Top of Given information
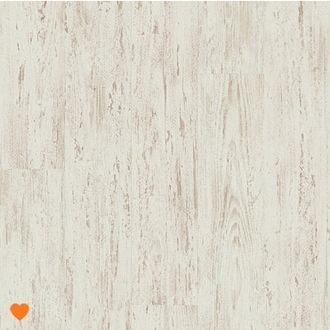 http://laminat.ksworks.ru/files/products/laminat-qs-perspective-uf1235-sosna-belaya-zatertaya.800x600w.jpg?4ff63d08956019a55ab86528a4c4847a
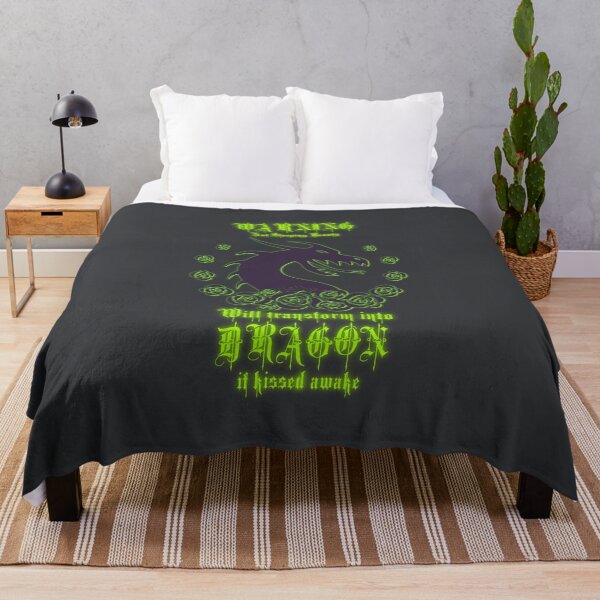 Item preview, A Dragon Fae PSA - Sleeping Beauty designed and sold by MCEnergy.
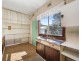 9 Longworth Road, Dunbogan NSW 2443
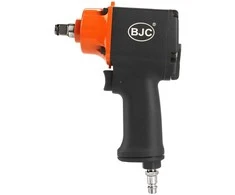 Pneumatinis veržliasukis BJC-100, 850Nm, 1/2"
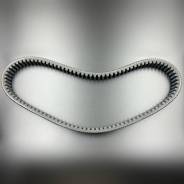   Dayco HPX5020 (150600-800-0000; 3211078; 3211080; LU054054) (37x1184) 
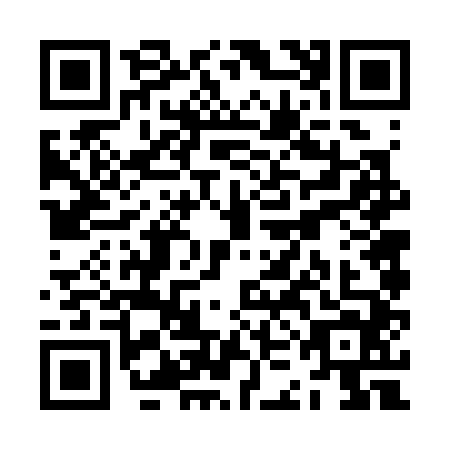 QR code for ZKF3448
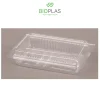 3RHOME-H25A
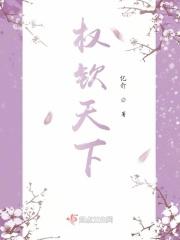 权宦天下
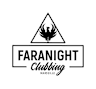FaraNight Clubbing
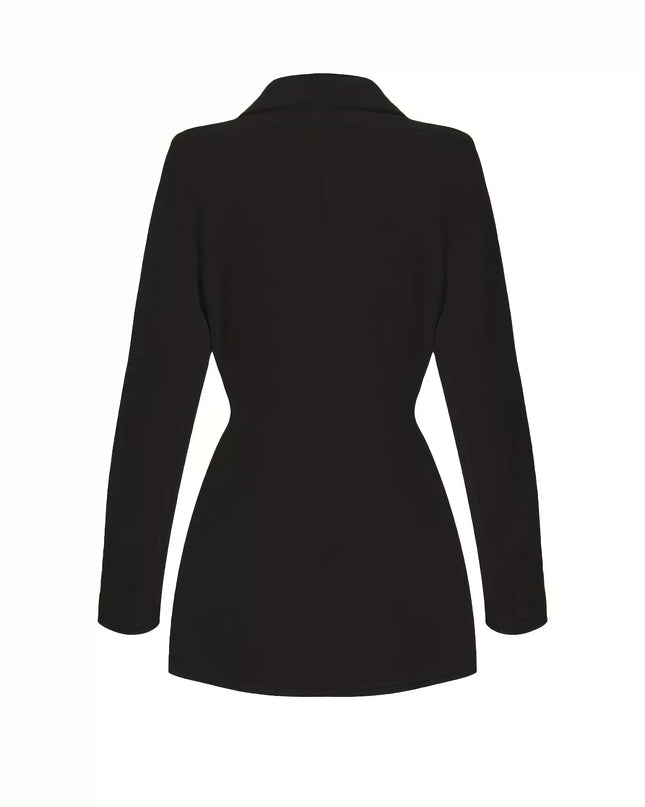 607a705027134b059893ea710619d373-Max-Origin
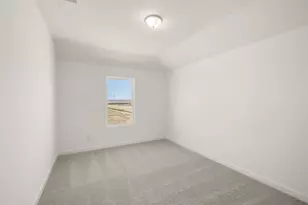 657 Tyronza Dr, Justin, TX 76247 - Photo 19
Bottom of Given information
### Task instructions
All lines from the one holding "QR code for ZKF3448" through the last line of the records need to be copied exactly, both ends included, and the pictures left behind.

### Response to the exercise
 QR code for ZKF3448
 3RHOME-H25A
 权宦天下
FaraNight Clubbing
 607a705027134b059893ea710619d373-Max-Origin
 657 Tyronza Dr, Justin, TX 76247 - Photo 19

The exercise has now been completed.